Among the minor bands, one of the best were surely Cough from Richmond, Virginia: probably drunk and stoned, the young trio vomited an awful amount of suffering and heaviness sufficient for years to come (spoiler: it won't be sufficient). Same thing for Vallenfyre, with a filthy mix of unpolished sounds and British humour, they deserve the first prize among the Metalgate bands.

Other honorable mentions for Mayhem (finally with intelligible sounds, differently from their Nova Gorica performance), Mantar [see picture] and Gutalax for the perfect festival closure you might ask for.


FLOP

Disclaimer: among the concerts I've attended to, none could be defined as a proper failure (maybe besides Tiamat with the nonsensical blabbering by their frontman), so I'll just point out the acts that were just a little worse than expected.

First of all Batushka, which musically speaking were perfect but showed less intensity and atmosphere in comparison with indoor shows; then Ulcerate [see picture], notoriously monsters when it comes to skills but extremely penalised by awful sounds; and then Devin Townsend, but now it gets even more subtle.
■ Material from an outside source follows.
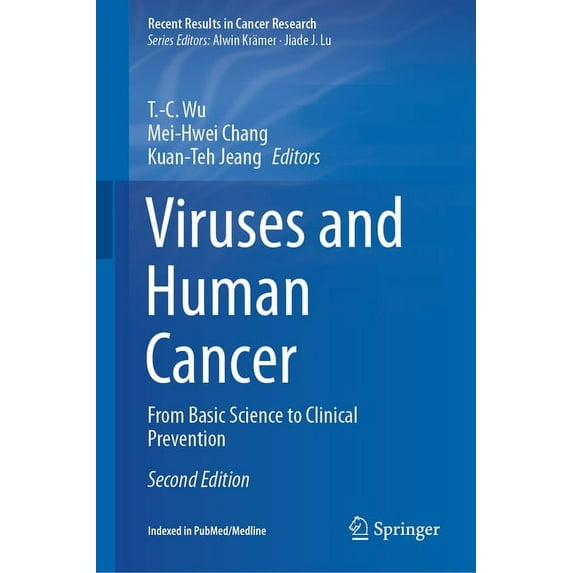 Recent Results in Cancer Research Viruses and Human Cancer: From Basic Science to Clinical Prevention, Book 217, (Hardcover)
Going to his concerts and expecting material in the style of Strapping Young Lad is plain stupid, but the concert seemed a bit dull at times, despite a bunch of songs that captivated me and surely all the audience.

Finally, it's impossible to judge Swans' gig: this due to my psychophysical conditions that prevented me to stay any further than twenty minutes of experimentation/madness, which prolonged for two more hours.


BRUTAL PILLS

Random things worth remembering:

  • The various costumes seen around, like Spiderman, Super Saiyan Goku, Unicorn Man [see picture in "Audience" section] and a hybrid with spandex and bunny costume.
  • The Night Diver, a man wearing only a black trash bag promptly removed before diving with pure grace and style into a puddle of mud and water.
  • The two Nazguls wandering around the fortress, apparently part of the staff itself.
  • The unique atmosphere recreated by a man of the North with his mouth harp, between toilets and derivate smells.
  • People who danced really badly on "Old MacDonald Had A Farm", sung in Czech by the mighty Gutalax.
  • The Irish man who tried to get up on the hill for two hours straight, then accomplishing the task and asking us another beer after our compliments, at 10 in the morning.
  • The staff choice of devastating the audience by putting half priced beer on the last evening (half a liter for one euro), to apologize for errors in the running order and show gratitude for sticking up with the bad weather.
  • The subsequent devastation.

Three consecutive years for me at a constantly improving festival, which has a lot to teach in terms of lineup coherence and quality year after year. Obviously, everything's down to one's personal tastes, but in regards to location, quality and price, the Brutal Assault is an experience worthy of living at least once in your life of festival goers.

Already confirmed for next year are Perturbator, Carpathian Forest and Dead Congregation. Who knows, it might be my fourth year in a row!